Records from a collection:
=== Section Start ===
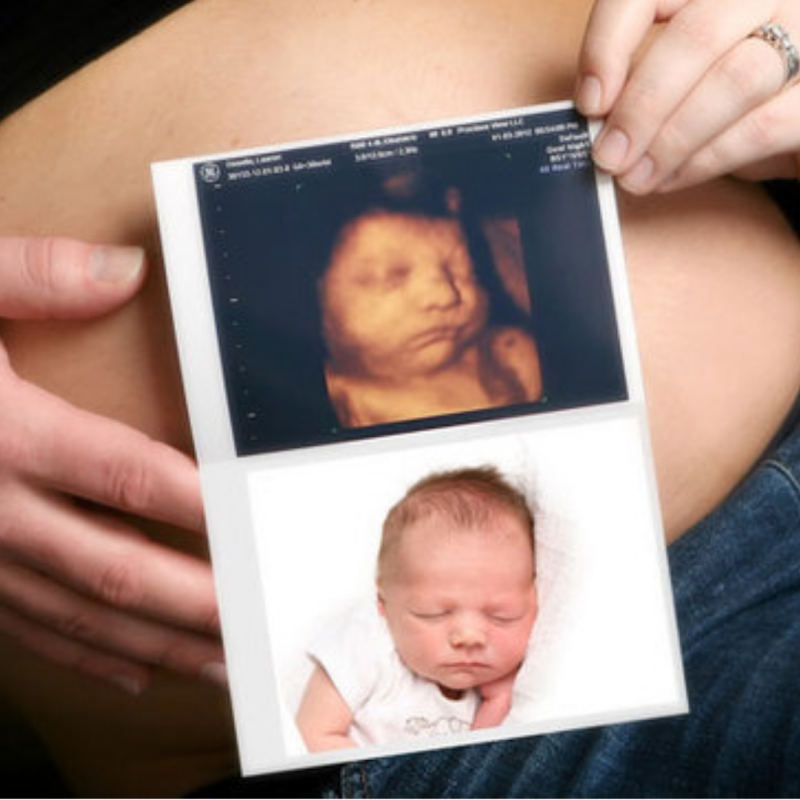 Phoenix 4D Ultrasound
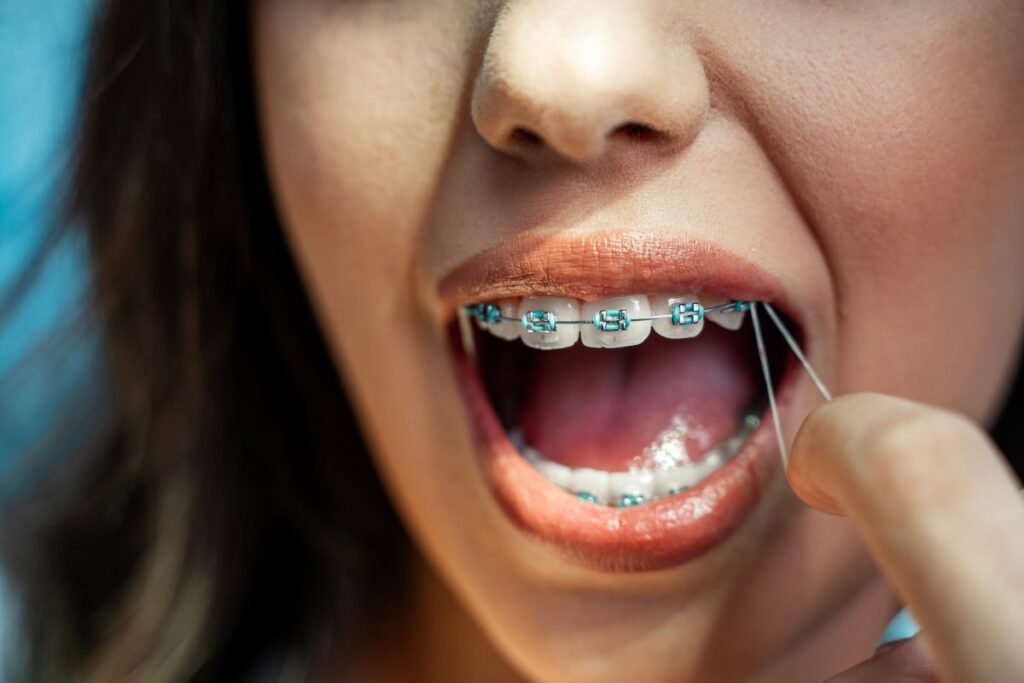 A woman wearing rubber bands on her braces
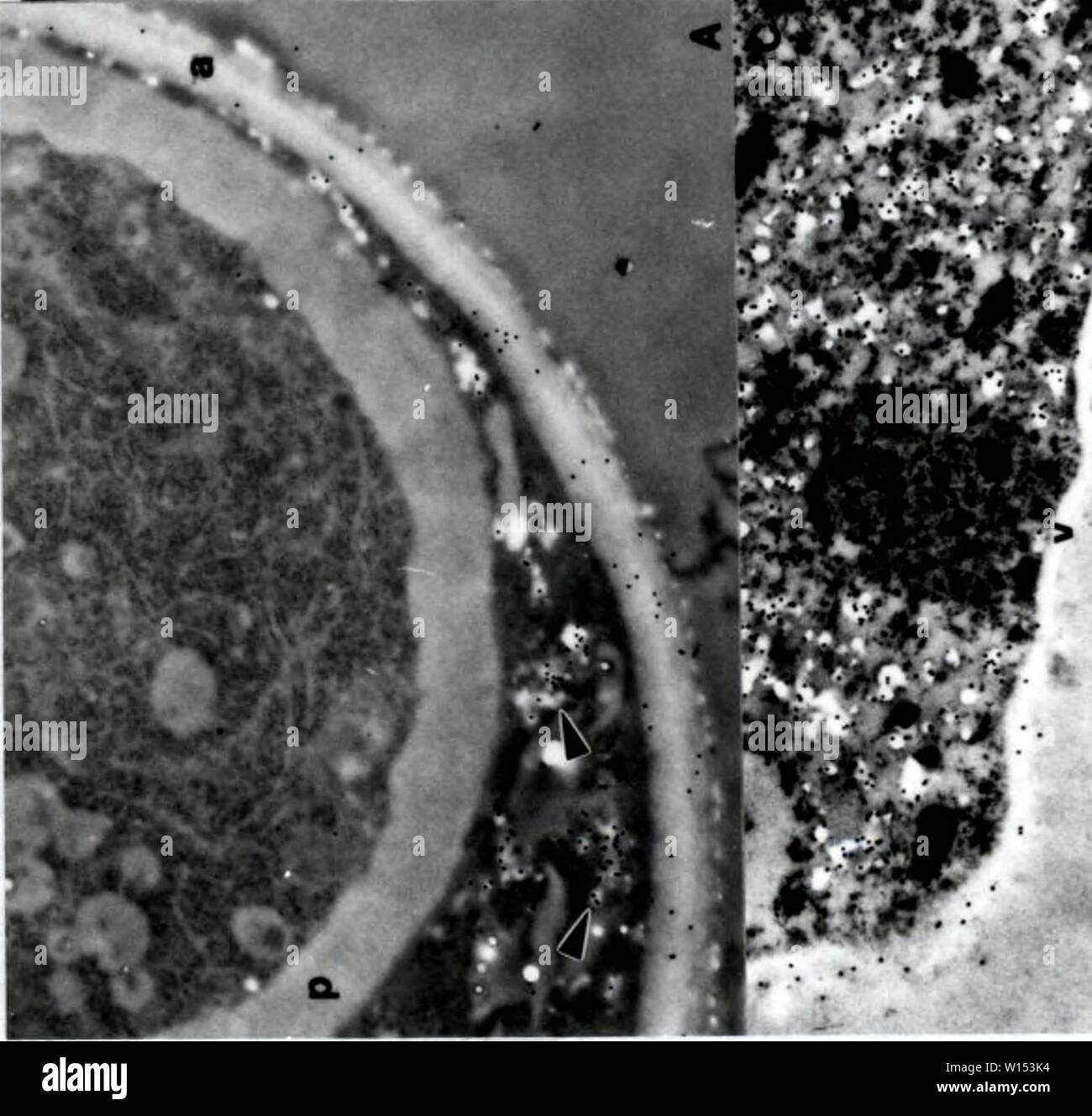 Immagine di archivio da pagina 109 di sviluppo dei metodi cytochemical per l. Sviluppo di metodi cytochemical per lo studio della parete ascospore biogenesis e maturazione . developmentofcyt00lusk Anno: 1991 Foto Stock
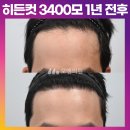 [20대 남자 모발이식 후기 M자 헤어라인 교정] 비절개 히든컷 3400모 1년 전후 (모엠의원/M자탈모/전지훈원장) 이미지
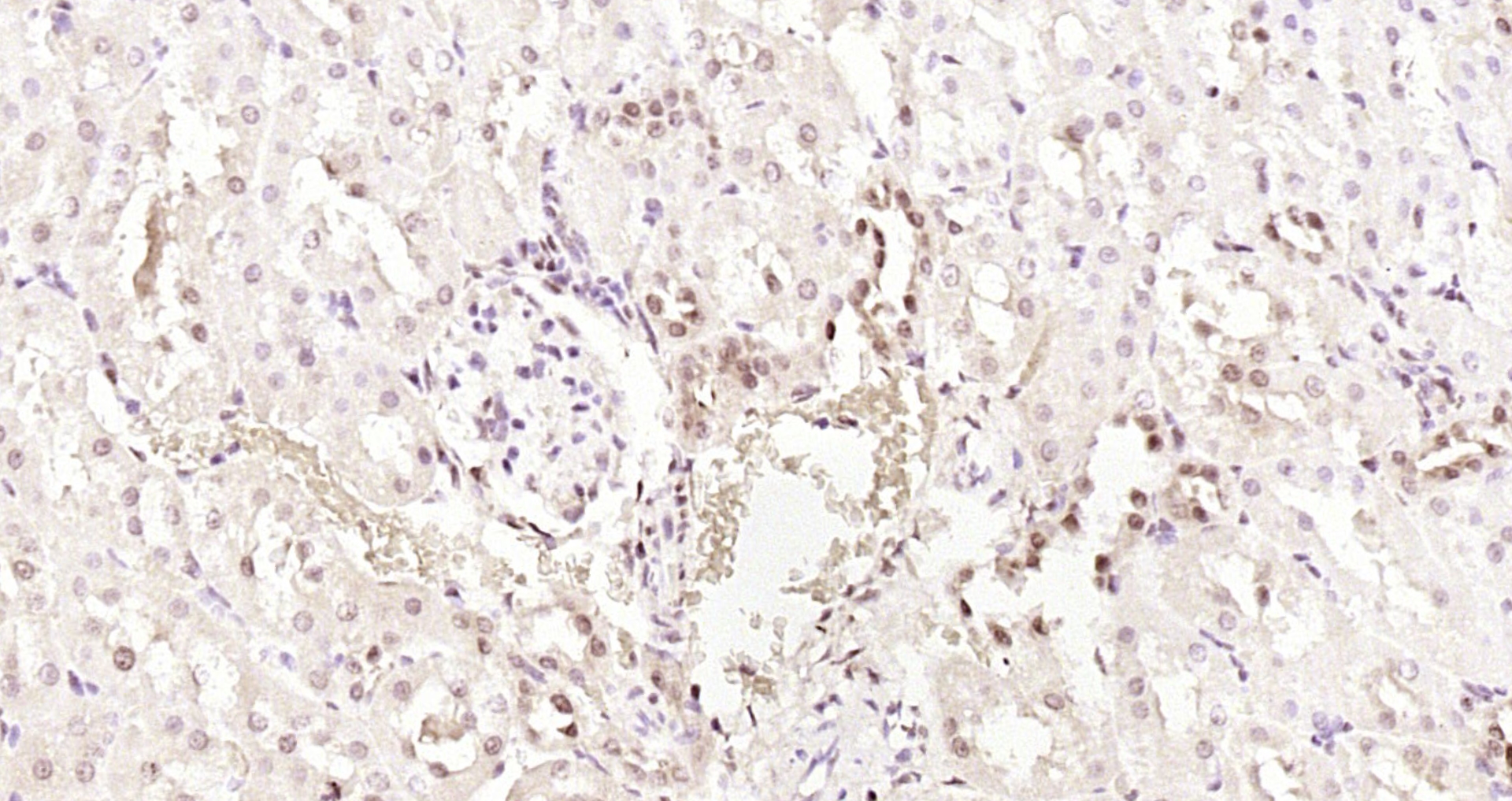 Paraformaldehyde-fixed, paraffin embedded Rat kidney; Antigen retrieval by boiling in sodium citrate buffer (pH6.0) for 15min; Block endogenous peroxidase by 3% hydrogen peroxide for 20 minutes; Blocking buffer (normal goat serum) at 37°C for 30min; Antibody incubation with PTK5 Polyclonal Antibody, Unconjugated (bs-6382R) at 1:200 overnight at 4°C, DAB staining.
=== Section End ===
WHAT YOU SHOULD DO
Would you please print only the lines running from the one with "[20대 남자 모발이식" to the final line of the entries above, exactly as written and without pictures?

RESULT
 [20대 남자 모발이식 후기 M자 헤어라인 교정] 비절개 히든컷 3400모 1년 전후 (모엠의원/M자탈모/전지훈원장) 이미지
 Paraformaldehyde-fixed, paraffin embedded Rat kidney; Antigen retrieval by boiling in sodium citrate buffer (pH6.0) for 15min; Block endogenous peroxidase by 3% hydrogen peroxide for 20 minutes; Blocking buffer (normal goat serum) at 37°C for 30min; Antibody incubation with PTK5 Polyclonal Antibody, Unconjugated (bs-6382R) at 1:200 overnight at 4°C, DAB staining.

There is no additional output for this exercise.